KARACHI: Profit and dividend repatriation on foreign investments in Pakistan more than doubled year-on-year in the first two months of the current fiscal year, surpassing inflows of foreign direct investment (FDI), according to data released by the State Bank on Friday.
The outflow reached $593 million during July-August FY26, up 115pc or $318m from $275m in the same period last year. In contrast, FDI during the same period stood at $364m, reflecting a 22pc decline year-on-year. This means repatriated profits exceeded FDI inflows by $229m.
The increase in outflows comes amid pressure from international lenders such as the IMF and World Bank for Pakistan to allow freer movement of foreign capital, including profit repatriation. The trend may continue in the coming months, further straining the external account.
Country-wise, China emerged as the largest recipient of repatriated profits, receiving $205.6m during the two-month period compared to just $20.5m last year. The UK received $96.5m, the Netherlands $87m, the UAE $45m, and the US $42m.
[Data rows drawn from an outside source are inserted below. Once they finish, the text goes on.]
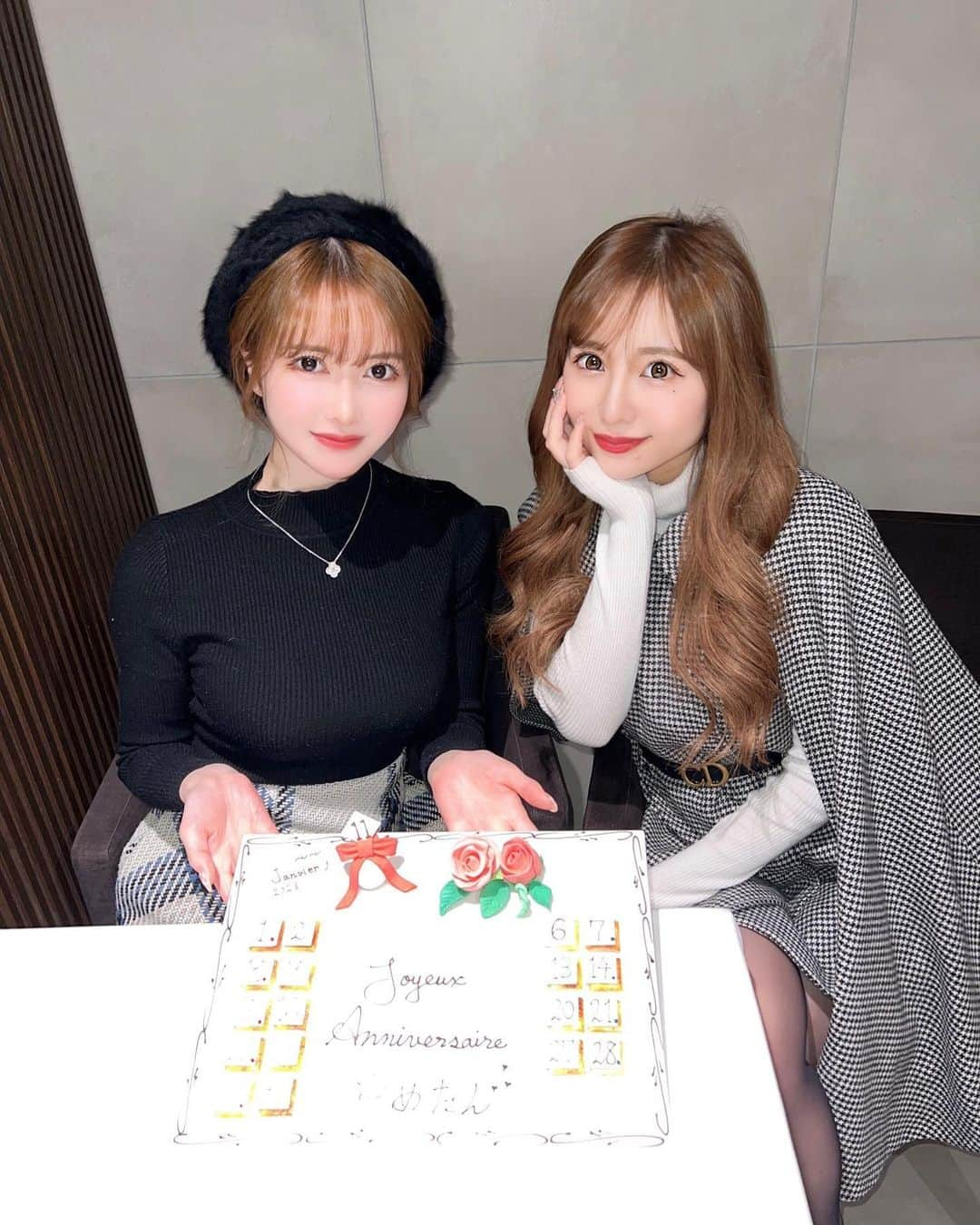 ゆめさんのインスタグラム写真 - (ゆめInstagram)「ゆいたんと久しぶりにランチ❤︎  めちゃくちゃサプライズで 誕生日祝ってくれた笑  もう自分の誕生日なんて忘れてたから 何事かと思って爆笑しちゃったよ🤣💕💕  プレートかわいすぎだし、面白かったし もー、本当ありがとう🥰💓💓  ご飯も美味しくて満足な一日でした❤️  また来月ねっ✌️💕💕  #ありがとう #西麻布 #六本木 #麻布十番 #港区#フレンチ #ミシュラン一つ星 #誕生日プレート #ランチ #おしゃれランチ」1月23日 9時00分 - ___yu.me___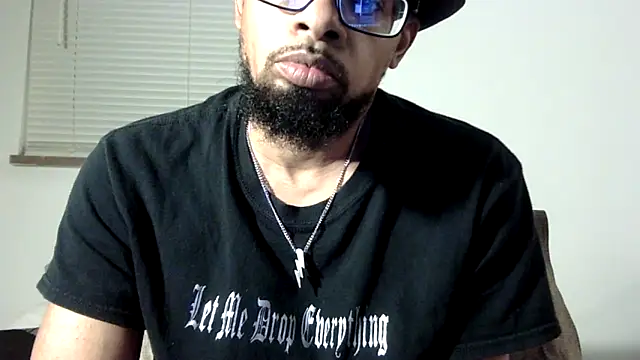 Snapshot of WhiskeyWood_DuhGOD chatting on October 13, 2025, 1:16 am WhiskeyWood DuhGOD online show from October 13, 2025, 1:16 am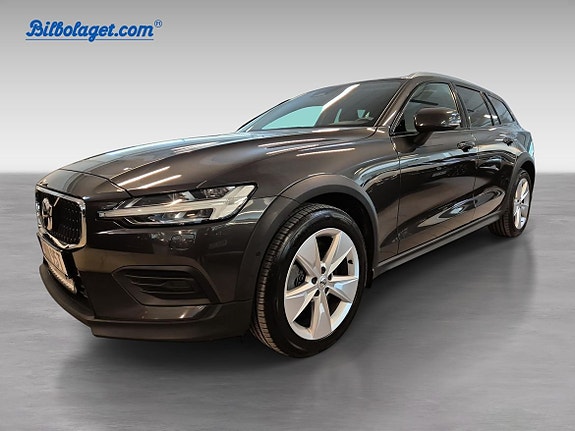 Volvo V60 Cross Country 3 of 11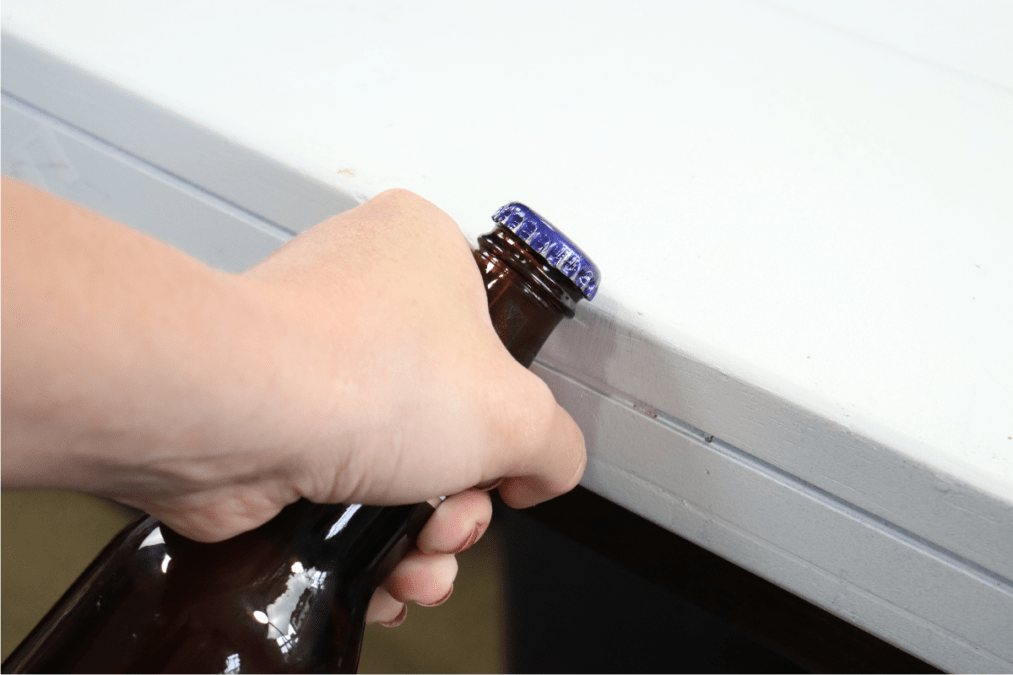 14 Ways to Open a Beer Bottle Without a Bottle Opener ManMadeDIY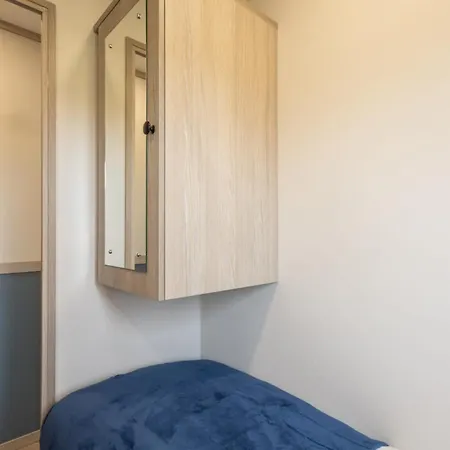 Chalet Host & - Riverwood, Ashdown Retreat Pickering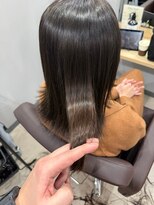 カミエ(kamie)&nbsp;ツヤ感たっぷりのブラウンセミロング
Outflows surpass FDI as outward remittances swell to $593m
Sector-wise, the power sector led with $170m in profit outflows, underlining continued foreign investor dominance in this debt-laden segment. The banking sector followed with $135m, more than double the $60m repatriated last year. According to the State Bank, local banks have posted strong profits largely by lending to the government, a trend likely to continue amid rising fiscal needs.
Telecommunications also recorded significant outflows at $66.3m, sharply up from $5.4m in the same period last year. The food sector saw $35m repatriated, roughly unchanged from the previous year.
The growing gap between foreign investment inflows and profit repatriation adds to Pakistan’s ongoing challenges in managing its balance of payments and attracting sustainable foreign capital.